Despite this quest for newness, some operators do well by changing little. At Jax Café in Minneapolis, you won't find a tiny tapa or plate of towering food. Nor can you order any Asian-Latin fusion or low-carb dishes. But the restaurant does at least 300 covers on weekends, so who needs to pay attention to hot food trends?
Not Bill Kozlak, Jr., the third generation to run this Twin Cities landmark in the same building his grandfather bought over 70 years ago. He's found a novel way of coming up with cutting-edge menu items—he lifts classics from early Jax menus and gives them a bit of 21st century polish.
That's not to say the 34-year-old Kozlak wouldn't mind injecting his menu with a few shots of innovation now and then. It's just that his customers like things the way they are. And he listens to his customers. (Like when he wanted to remove Liver & Onions and Chicken Kiev from the menu, and they wouldn't stand for it.)
"If you follow the latest trends, the critics will certainly come and write up your restaurant. That may get people coming for a year or so, but then you have to change the concept again when the next trend comes along," Kozlak says. "I want to keep my customers happy—they're the ones who keep me in business, not the critics. When my customers start complaining or stop coming, I'll think about changing the menu."
Many of those customers are third and fourth generation, and they crave the same dining experience their parents and grandparents enjoyed. Others are new neighbors; urban pioneers renovating old buildings in the area into chic new residences. Jax's menu is like its surrounding neighborhood—old is chic again.
In 1933, Jax was the second eatery in Minneapolis to get a liquor license after the repeal of Prohibition, and the crowds quickly filled the place, ordering up gin martinis and stingers (25¢ and 30¢ respectively), to sip with shrimp cocktail (25¢) and beef tenderloin (50¢.) Now customers can have it all over again. The Beef Tenderloin dinner, priced today at $25.95, is still the most popular menu choice. Roast Prime Rib of Beef, served with au jus and creamy horseradish sauce, and broiled Fresh Walleye Pike take second and third place. The pike was a latecomer, added to the menu in 1954.
"We're strong believers in serving what our customer wants, and we're a meat and potatoes town. We can't lose sight of that," says Kozlak, adding that is the reason Jax often goes backward in time for ideas and inspiration.
There have been a few missteps when Jax lost sight of its core customer. Like back in the '90s, when heart-healthy cooking was all the rage and low-fat dishes were incorporated into the menu. Or when one chef got "a little too creative," according to Kozlak.
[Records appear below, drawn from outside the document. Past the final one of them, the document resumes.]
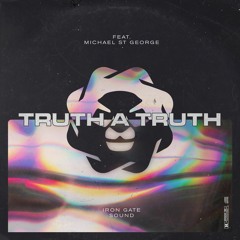 Iron Gate Sound ft. Michael St George - Truth A Truth [FKOF Premiere]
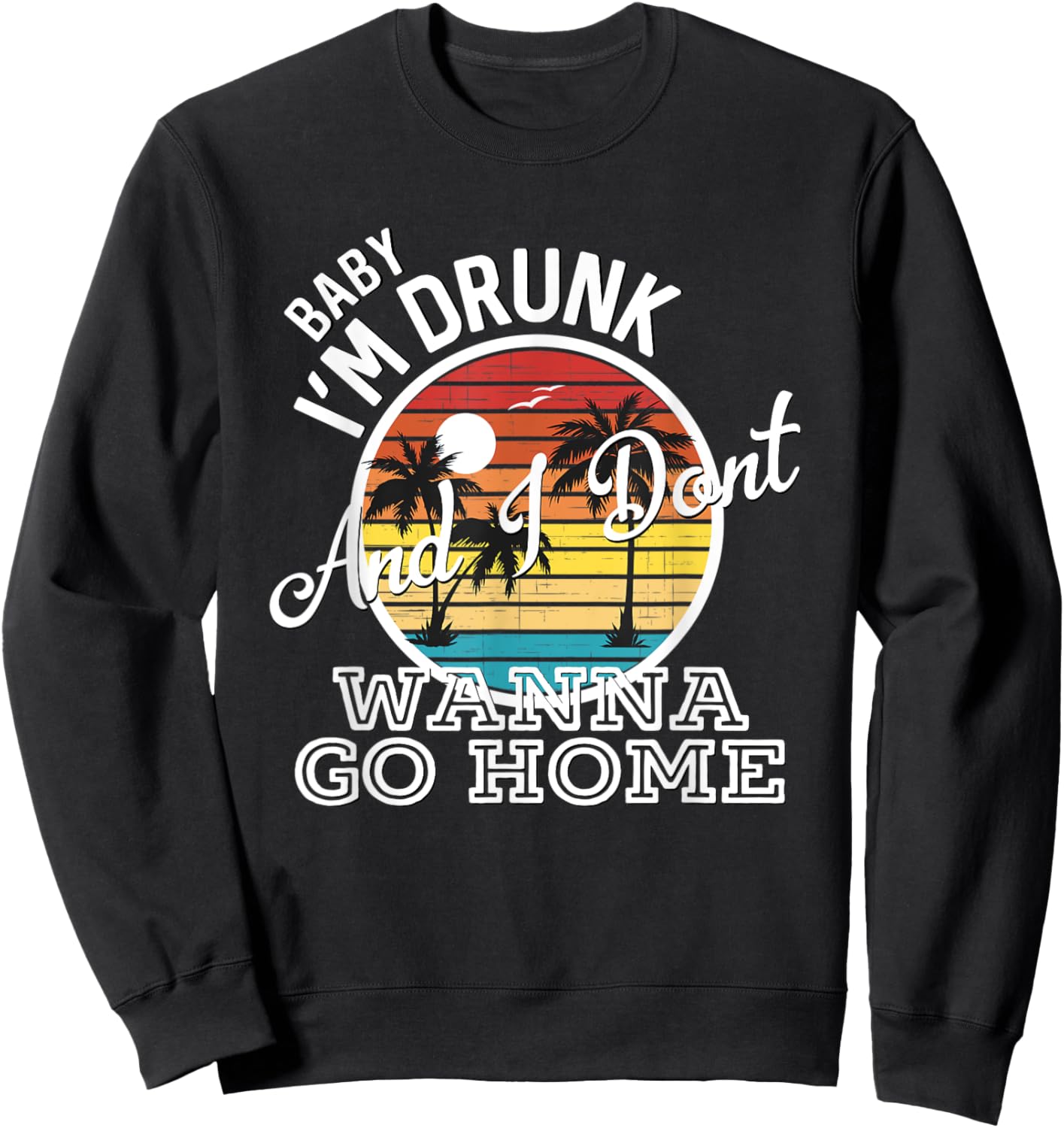 I'm Drunk And I Don't Wanna Go Home Country Music Lyrics Sweatshirt - Sweatshirt | Black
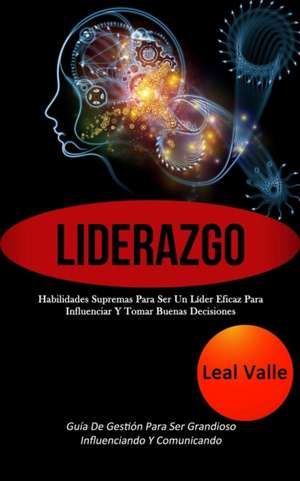 Liderazgo de Leal Valle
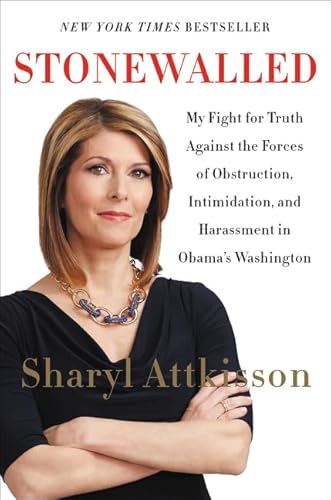 9780062322852: Stonewalled: My Fight for Truth Against the Forces of Obstruction, Intimidation, and Harassment in Obama's Washington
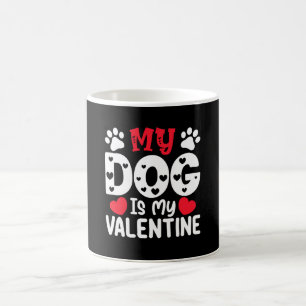 Mein Hund ist mein Valentinstag Lustige Haustierli Kaffeetasse
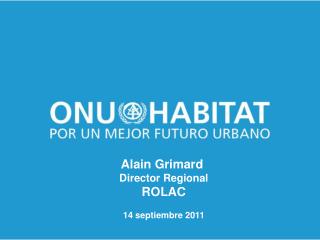 Alain Grimard Director Regional ROLAC 14 septiembre 2011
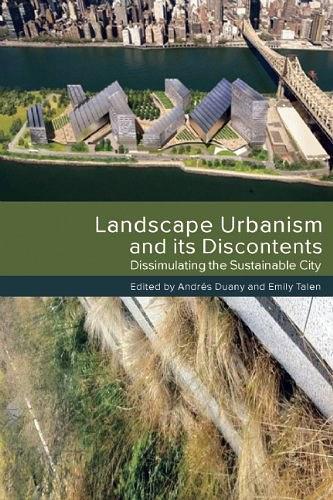 Landscape Urbanism and its Discontents：Dissimulating the Sustainable City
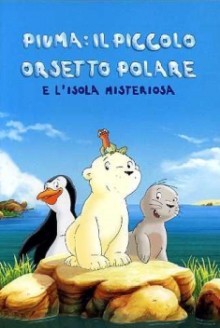 Piuma il piccolo orsetto polare e l’isola misteriosa (2005)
The present chef, Bob Foster, is content to stick to the basics—he gets his chance to be more inventive with specials and promotional events. To spread his wings, he might dress up the beef tenderloin with a garlic crust or mushroom leek ragout, or offer an appetizer special such as beef carpaccio or hickory-smoked bacon-wrapped shrimp with Asian slaw.
For a recent event, commemorating the restaurant's 70th anniversary, Jax offered a four-course beef tenderloin dinner for two, complete with wine, for $70. In addition, one lucky table per night was chosen to order from a specially-designed historical menu, with food and drink prices from 1933, 1939, and 1954. The event not only built traffic—it reinforced the brand.
"It's now hip to be retro," Kozlak says. "New restaurateurs are trying to take the Jax idea and open similar places." So even if crispy eel with yuzu coulis makes it big on 2005 menus, there will be plenty of customers coming to Jax who appreciate the honesty and comfort of classic dishes, prepared with care and prime ingredients.